The Supreme Court has removed one more small but vital stone from what dissenting Justice John Paul Stevens calls the "high and impregnable wall" constructed by the framers of the US Constitution two centuries ago to ensure the separation of church and state. The court was sharply divided, 5 to 4, in upholding a New York law that allows the state to reimburse private schools -- 85 percent of which are religiously affiliated -- for complying with state academic requirements.

As a result of the ruling, some $9 million a year in public funds will continue to flow to church-supported schools to help them meet the costs of administering state-required tests and other record-keeping.
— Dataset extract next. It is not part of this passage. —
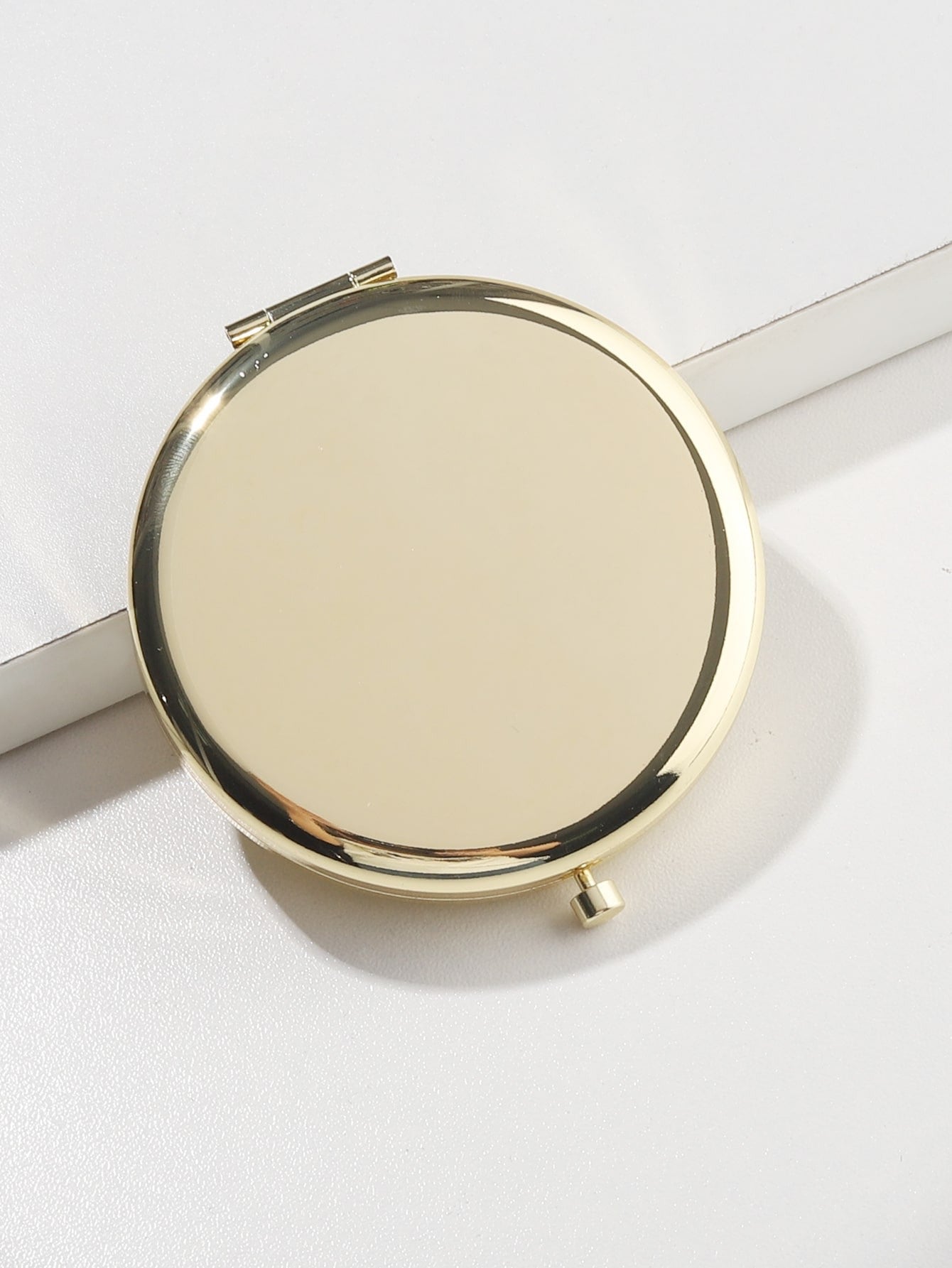 Compact Mirrors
We would tend to agree with the deep feelings expressed by three of the dissenting justices, who termed the decision "a long step backwards in the inevitable controversy that emerges when a state legislature continues to insist on providing public aid to parochial schools." The high court had struct down an earlier version of the New York law in 1973. That one provided lump sum payments to schools for mandated programs and did not, as the current law does, require school costs to be documented.

Certainly no one would deny parents the freedom to send their youngsters to a religiously oriented or any other school of their choice. But the parents themselves and not taxpayers in general should shoulder the financial obligations of maintaining such schools and of seeing to it that they meet state educational standards. This is especially true at a time when most public school systems, long considered a bulwark of US democracy, are struggling to survive financially.

Fortunately, in other recent school-aid rulings the Supreme Court has demonstrated greater care in holding the line against providing government assistance to religion. But any weakening of that vital constitutional "wall" separating church and state ought to concern all Americans.